BEGIN Exercise inputs

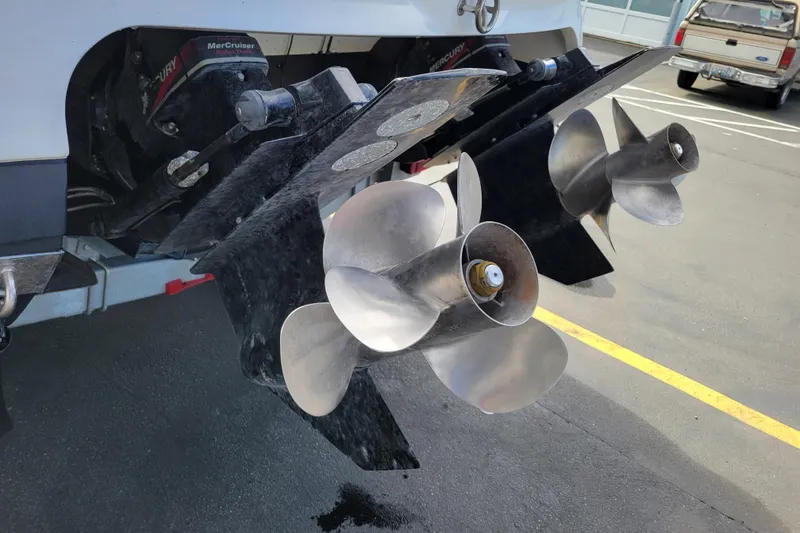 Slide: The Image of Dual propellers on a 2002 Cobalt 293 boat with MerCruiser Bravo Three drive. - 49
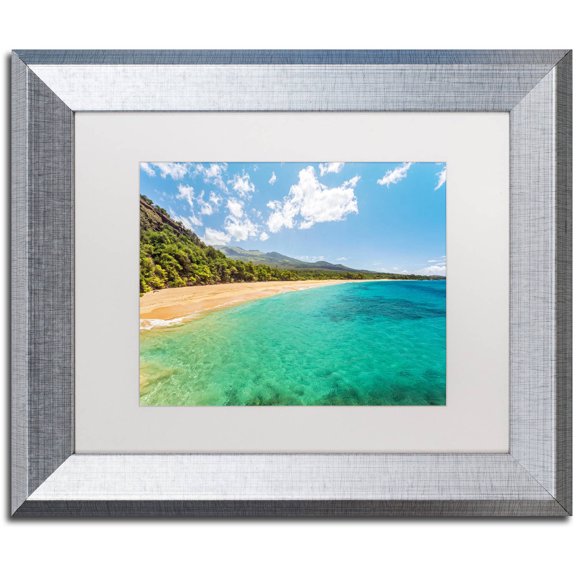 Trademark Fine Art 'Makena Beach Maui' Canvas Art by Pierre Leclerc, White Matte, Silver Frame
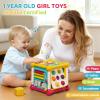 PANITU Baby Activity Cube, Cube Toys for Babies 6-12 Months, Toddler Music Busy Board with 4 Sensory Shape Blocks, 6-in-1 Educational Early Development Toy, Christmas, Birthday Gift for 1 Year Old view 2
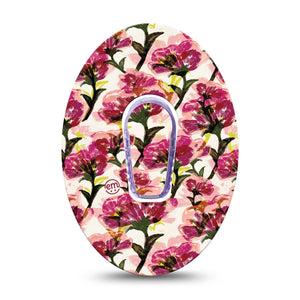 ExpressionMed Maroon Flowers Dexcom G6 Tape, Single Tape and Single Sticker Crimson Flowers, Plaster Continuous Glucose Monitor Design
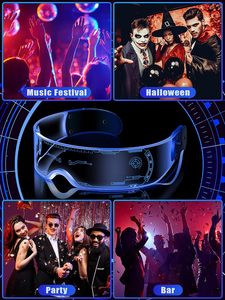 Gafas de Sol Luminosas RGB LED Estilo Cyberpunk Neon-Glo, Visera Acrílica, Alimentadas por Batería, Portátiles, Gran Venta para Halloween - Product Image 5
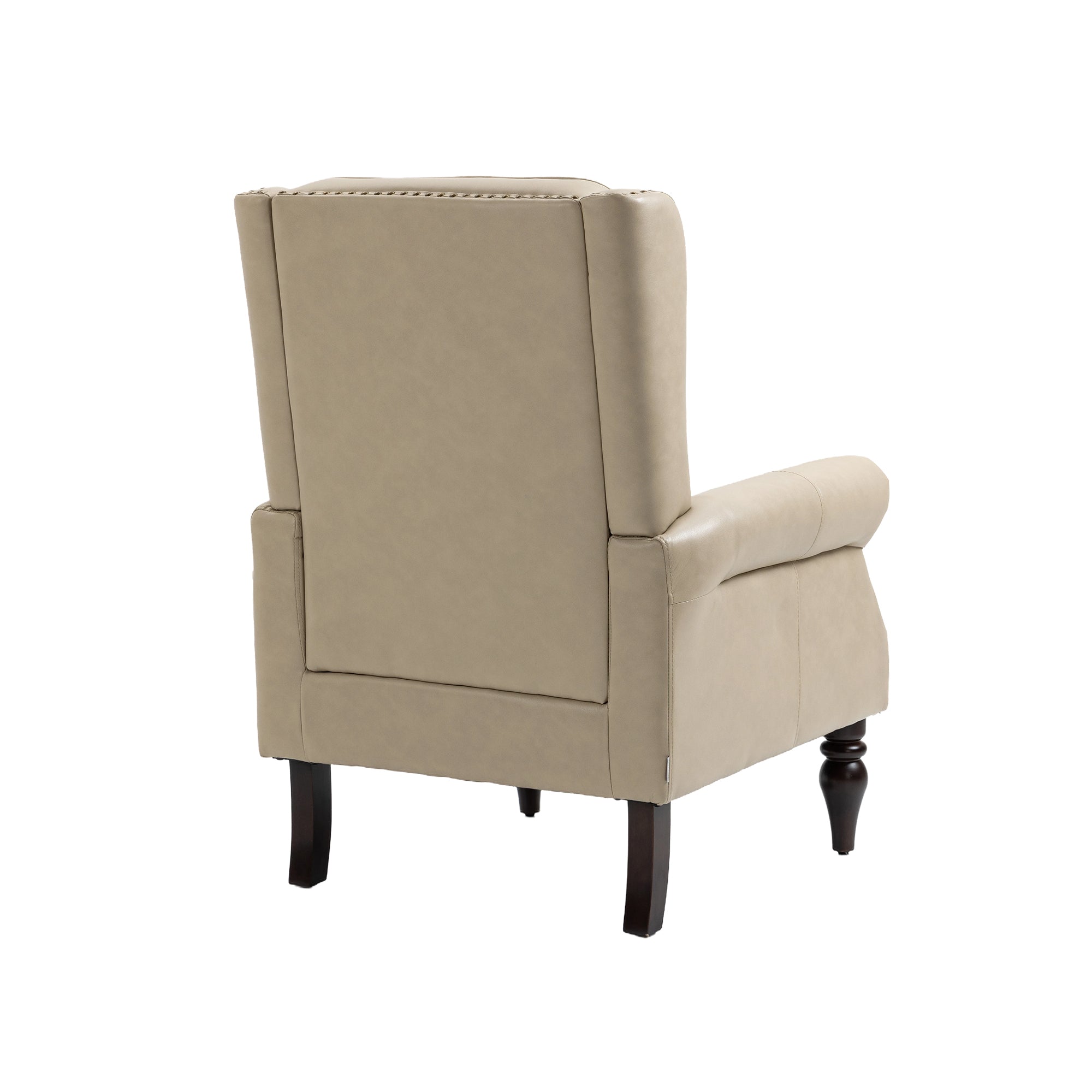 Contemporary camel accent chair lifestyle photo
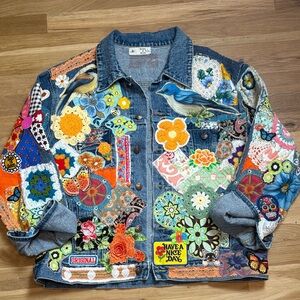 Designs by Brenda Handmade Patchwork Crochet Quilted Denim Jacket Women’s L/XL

END Exercise inputs

▶ _Work request_
If an entry contains an image, print the rest of that entry exactly and leave the image out.

▶ _Finished task_
 Slide: The Image of Dual propellers on a 2002 Cobalt 293 boat with MerCruiser Bravo Three drive. - 49
 Trademark Fine Art 'Makena Beach Maui' Canvas Art by Pierre Leclerc, White Matte, Silver Frame
 PANITU Baby Activity Cube, Cube Toys for Babies 6-12 Months, Toddler Music Busy Board with 4 Sensory Shape Blocks, 6-in-1 Educational Early Development Toy, Christmas, Birthday Gift for 1 Year Old view 2
 ExpressionMed Maroon Flowers Dexcom G6 Tape, Single Tape and Single Sticker Crimson Flowers, Plaster Continuous Glucose Monitor Design
 Gafas de Sol Luminosas RGB LED Estilo Cyberpunk Neon-Glo, Visera Acrílica, Alimentadas por Batería, Portátiles, Gran Venta para Halloween - Product Image 5
 Contemporary camel accent chair lifestyle photo
 Designs by Brenda Handmade Patchwork Crochet Quilted Denim Jacket Women’s L/XL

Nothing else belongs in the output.